• About this exercise: Reproduce the records below exactly, leaving their images out.

Segment Open

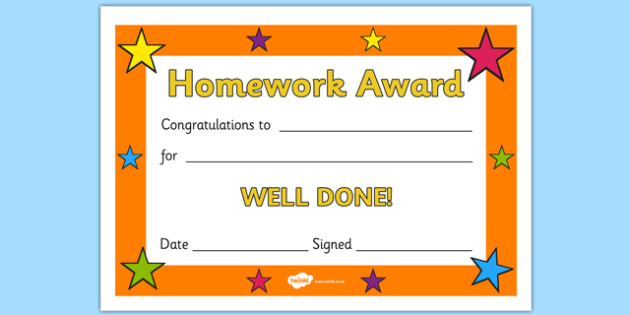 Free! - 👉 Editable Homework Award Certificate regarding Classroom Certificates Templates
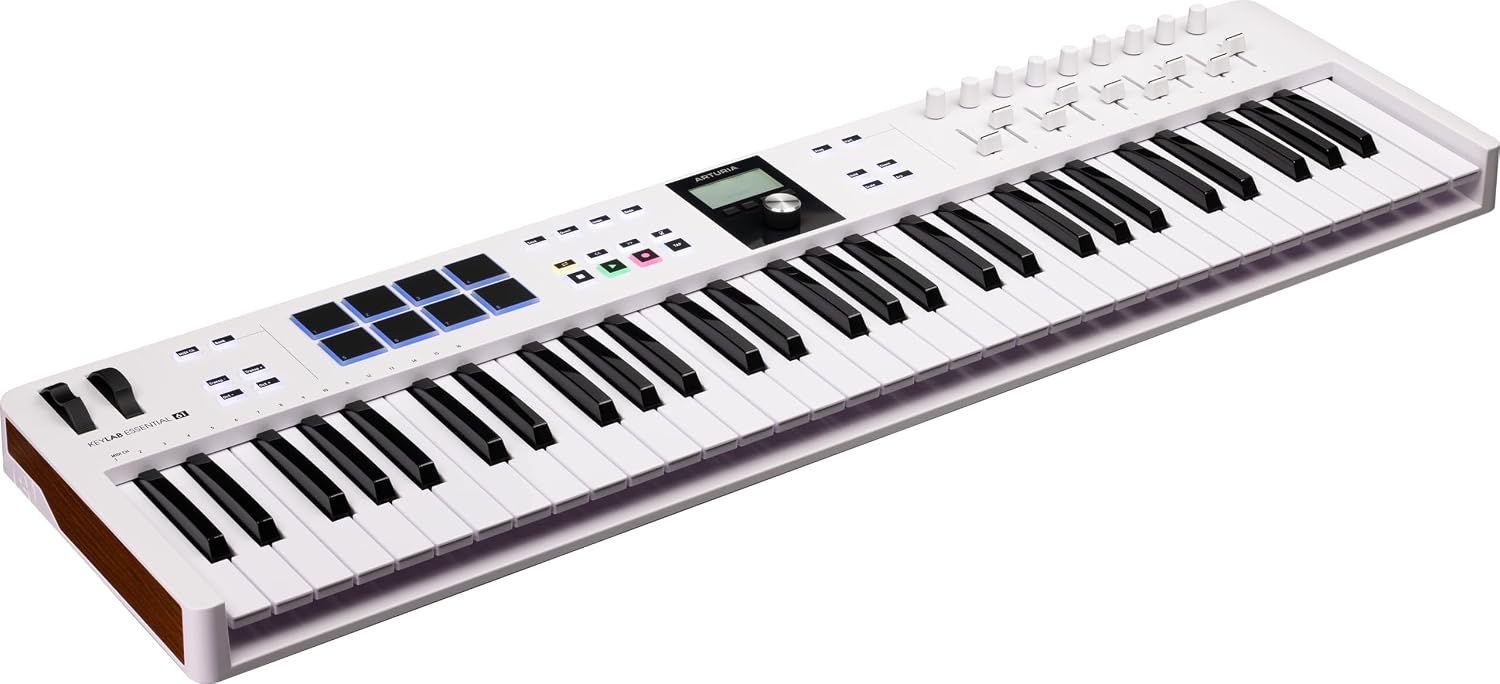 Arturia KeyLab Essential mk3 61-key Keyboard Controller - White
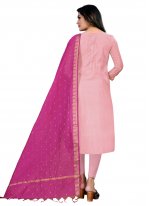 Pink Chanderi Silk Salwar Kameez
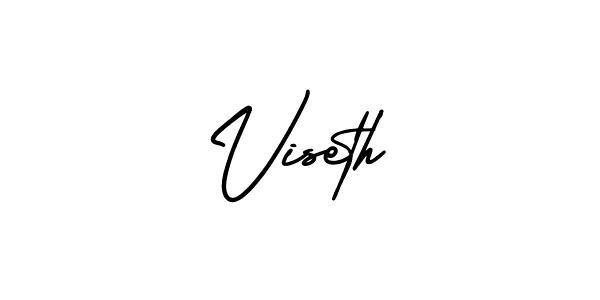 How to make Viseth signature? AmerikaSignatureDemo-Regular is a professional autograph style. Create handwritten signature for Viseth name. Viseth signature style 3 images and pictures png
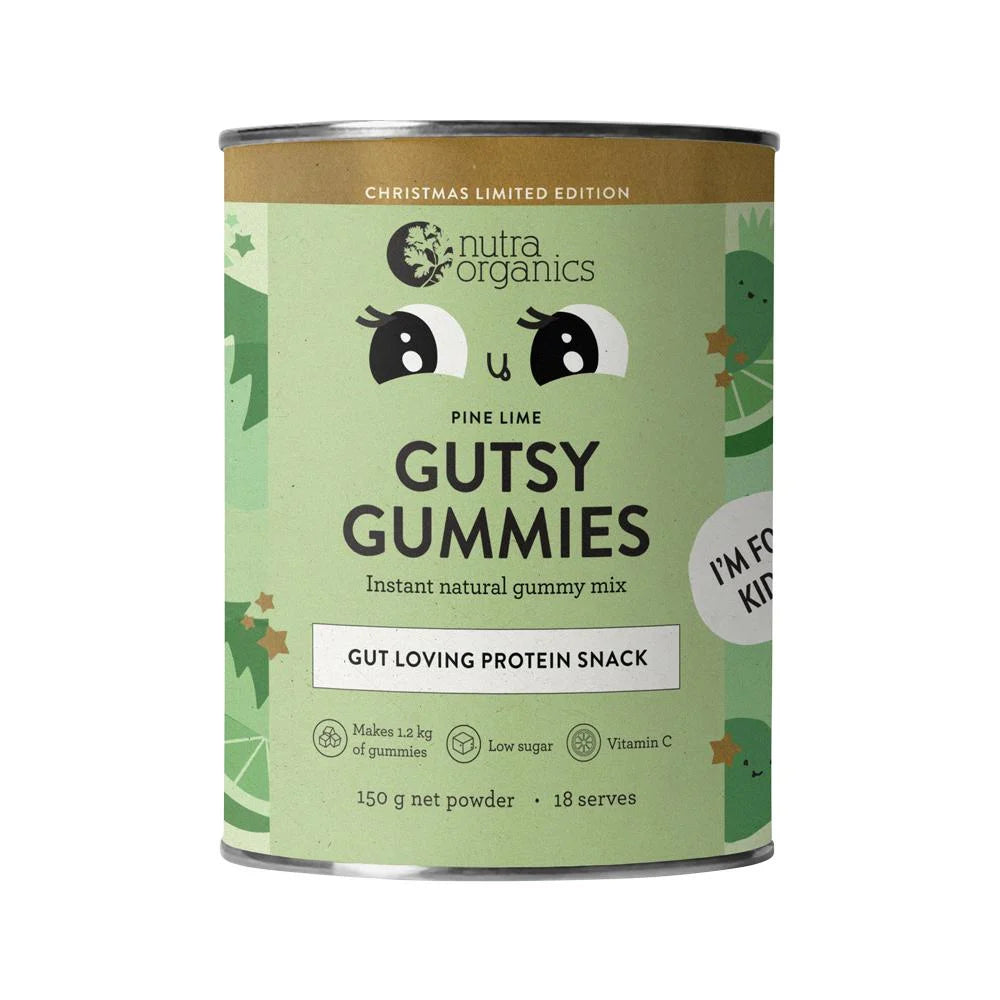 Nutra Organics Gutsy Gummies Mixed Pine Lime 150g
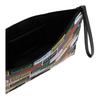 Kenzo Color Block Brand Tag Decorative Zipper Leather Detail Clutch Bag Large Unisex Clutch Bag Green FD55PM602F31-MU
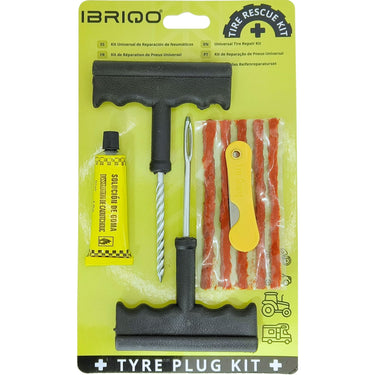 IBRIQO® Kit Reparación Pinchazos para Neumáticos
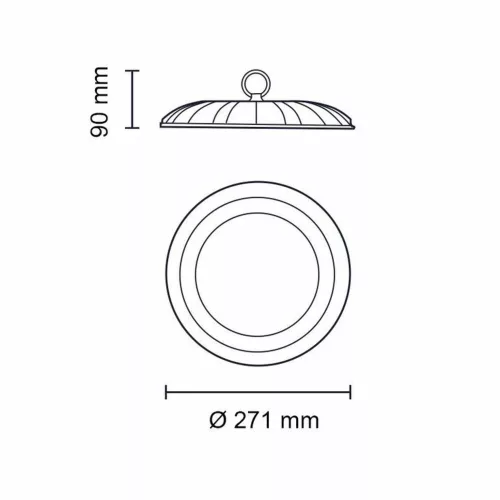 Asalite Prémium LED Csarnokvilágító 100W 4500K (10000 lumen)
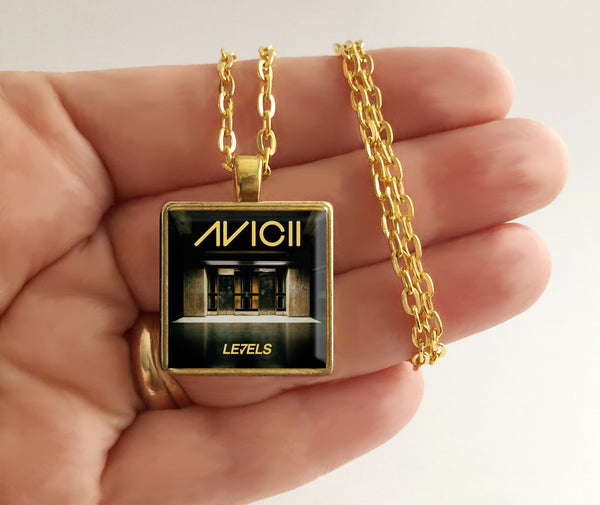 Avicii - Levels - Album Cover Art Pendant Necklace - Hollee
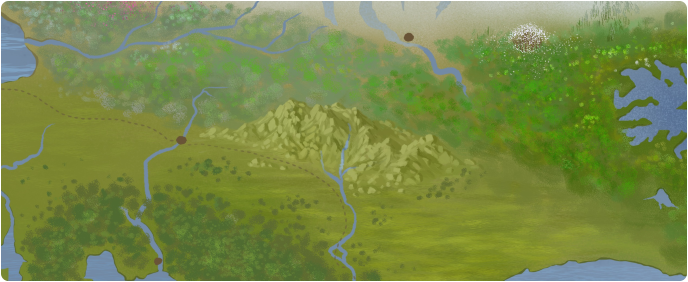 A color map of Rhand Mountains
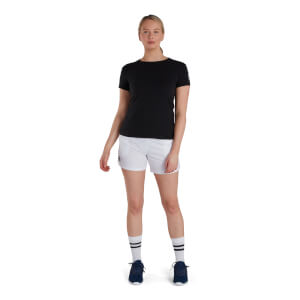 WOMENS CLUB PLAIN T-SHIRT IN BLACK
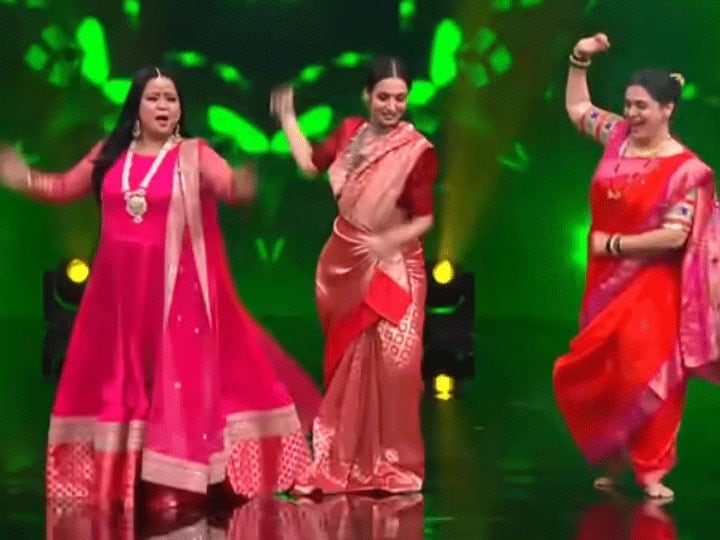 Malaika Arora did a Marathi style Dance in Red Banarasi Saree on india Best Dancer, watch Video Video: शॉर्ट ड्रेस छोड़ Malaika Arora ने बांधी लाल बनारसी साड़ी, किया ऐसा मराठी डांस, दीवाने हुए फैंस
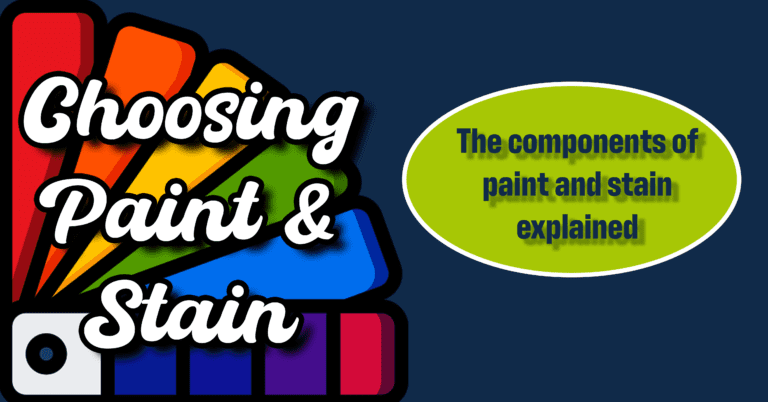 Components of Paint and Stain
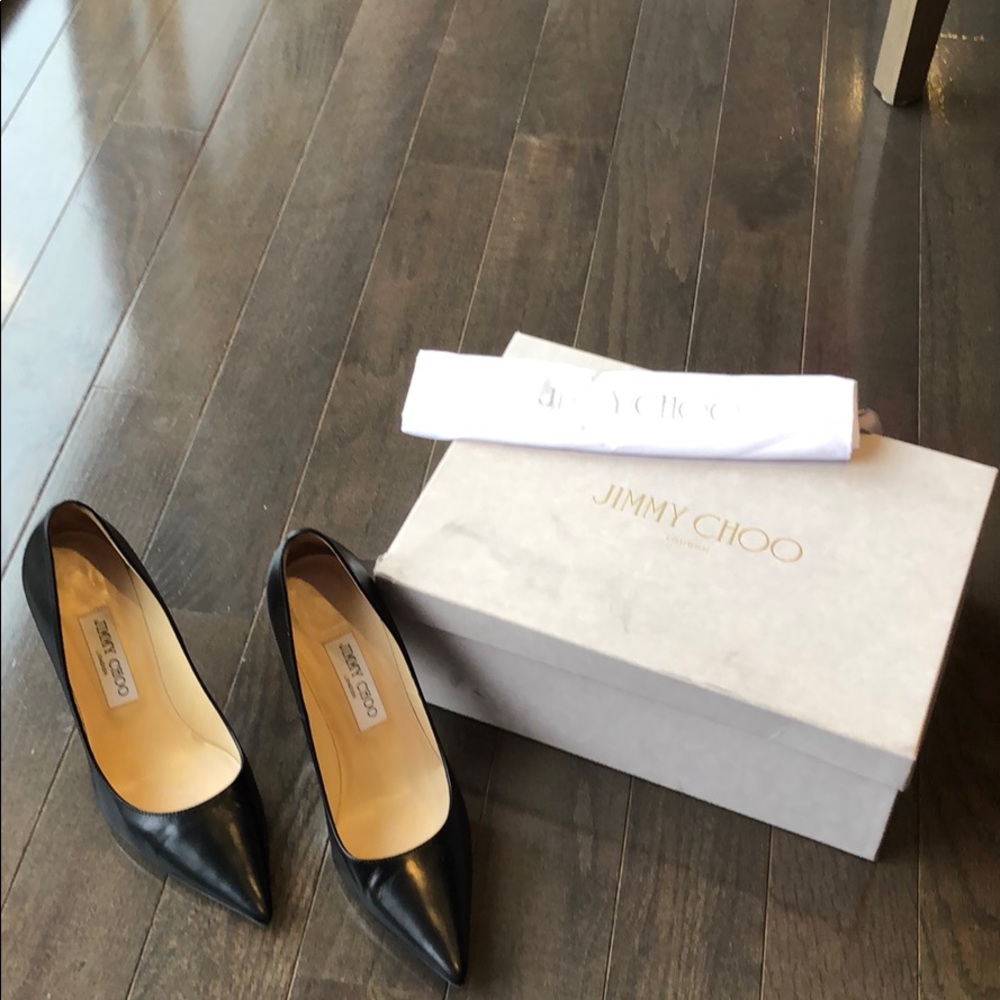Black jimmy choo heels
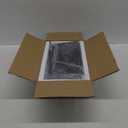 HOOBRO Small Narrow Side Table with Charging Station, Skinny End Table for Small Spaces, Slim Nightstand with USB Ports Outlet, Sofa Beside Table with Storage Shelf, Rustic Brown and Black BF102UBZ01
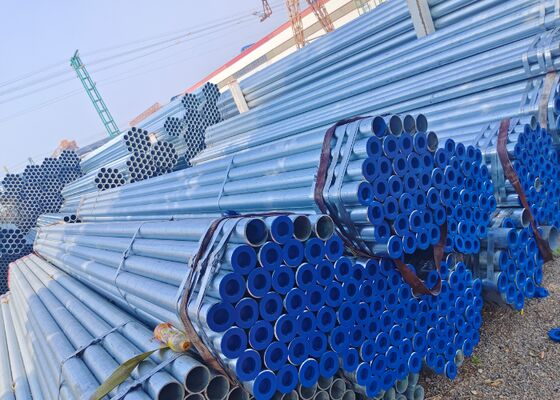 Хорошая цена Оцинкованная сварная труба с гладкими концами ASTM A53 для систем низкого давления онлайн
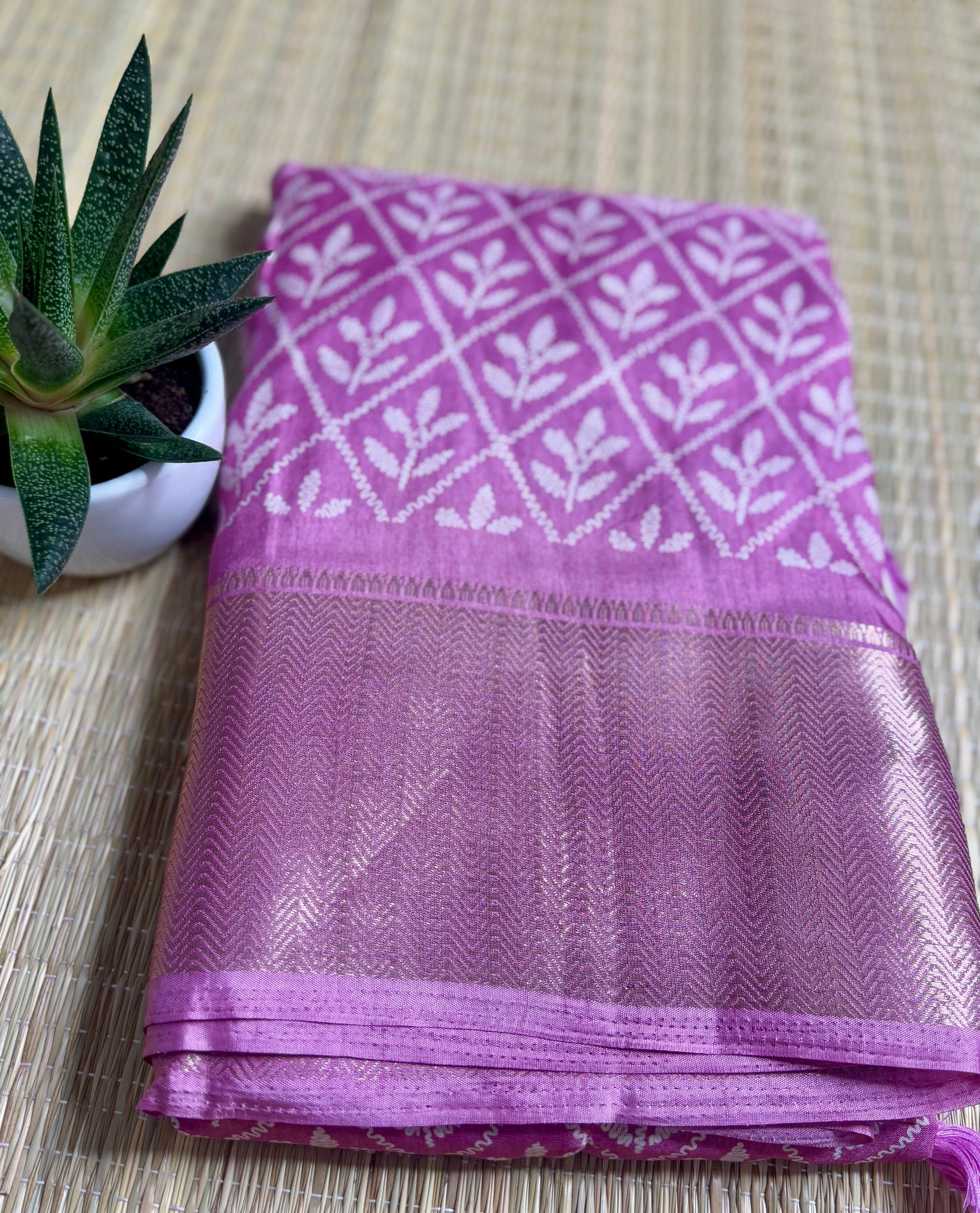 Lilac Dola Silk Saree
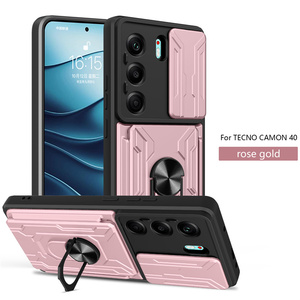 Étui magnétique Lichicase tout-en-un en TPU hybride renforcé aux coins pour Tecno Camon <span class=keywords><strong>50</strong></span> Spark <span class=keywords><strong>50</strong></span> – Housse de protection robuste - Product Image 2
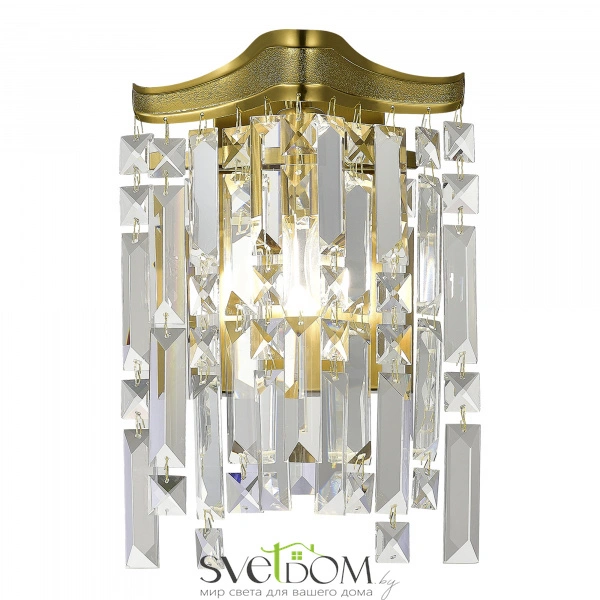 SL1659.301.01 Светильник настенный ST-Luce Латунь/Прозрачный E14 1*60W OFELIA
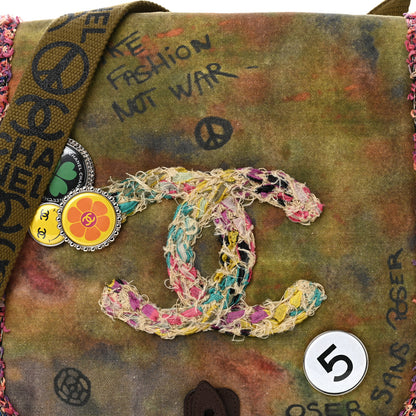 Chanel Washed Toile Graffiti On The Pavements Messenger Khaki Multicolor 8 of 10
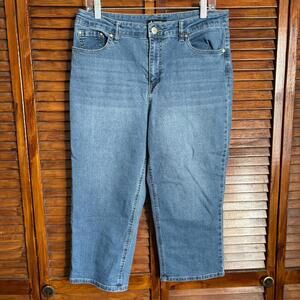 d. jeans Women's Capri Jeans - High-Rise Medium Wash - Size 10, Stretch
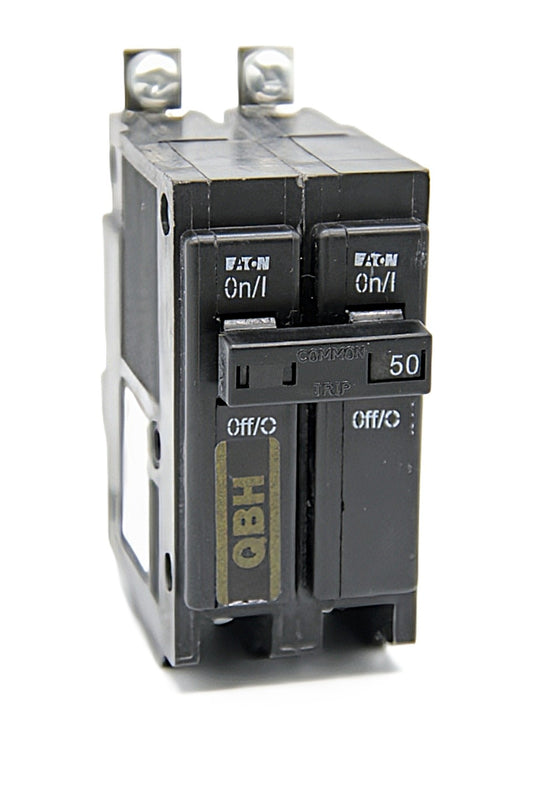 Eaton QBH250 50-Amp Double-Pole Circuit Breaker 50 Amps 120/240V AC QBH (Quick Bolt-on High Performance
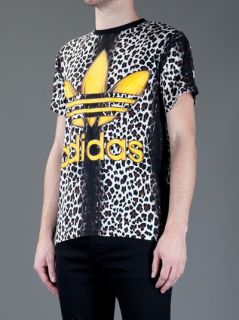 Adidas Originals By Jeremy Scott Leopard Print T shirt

Segment Closed

• Task solution:
 Free! - 👉 Editable Homework Award Certificate regarding Classroom Certificates Templates
 Arturia KeyLab Essential mk3 61-key Keyboard Controller - White
 Pink Chanderi Silk Salwar Kameez
 How to make Viseth signature? AmerikaSignatureDemo-Regular is a professional autograph style. Create handwritten signature for Viseth name. Viseth signature style 3 images and pictures png
 Nutra Organics Gutsy Gummies Mixed Pine Lime 150g
 Kenzo Color Block Brand Tag Decorative Zipper Leather Detail Clutch Bag Large Unisex Clutch Bag Green FD55PM602F31-MU
 IBRIQO® Kit Reparación Pinchazos para Neumáticos
 Asalite Prémium LED Csarnokvilágító 100W 4500K (10000 lumen)
 Avicii - Levels - Album Cover Art Pendant Necklace - Hollee
 A color map of Rhand Mountains
 WOMENS CLUB PLAIN T-SHIRT IN BLACK
 Malaika Arora did a Marathi style Dance in Red Banarasi Saree on india Best Dancer, watch Video Video: शॉर्ट ड्रेस छोड़ Malaika Arora ने बांधी लाल बनारसी साड़ी, किया ऐसा मराठी डांस, दीवाने हुए फैंस
 Components of Paint and Stain
Black jimmy choo heels
 HOOBRO Small Narrow Side Table with Charging Station, Skinny End Table for Small Spaces, Slim Nightstand with USB Ports Outlet, Sofa Beside Table with Storage Shelf, Rustic Brown and Black BF102UBZ01
 Хорошая цена Оцинкованная сварная труба с гладкими концами ASTM A53 для систем низкого давления онлайн
 Lilac Dola Silk Saree
 Étui magnétique Lichicase tout-en-un en TPU hybride renforcé aux coins pour Tecno Camon <span class=keywords><strong>50</strong></span> Spark <span class=keywords><strong>50</strong></span> – Housse de protection robuste - Product Image 2
 SL1659.301.01 Светильник настенный ST-Luce Латунь/Прозрачный E14 1*60W OFELIA
 Chanel Washed Toile Graffiti On The Pavements Messenger Khaki Multicolor 8 of 10
 d. jeans Women's Capri Jeans - High-Rise Medium Wash - Size 10, Stretch
 Eaton QBH250 50-Amp Double-Pole Circuit Breaker 50 Amps 120/240V AC QBH (Quick Bolt-on High Performance
 Adidas Originals By Jeremy Scott Leopard Print T shirt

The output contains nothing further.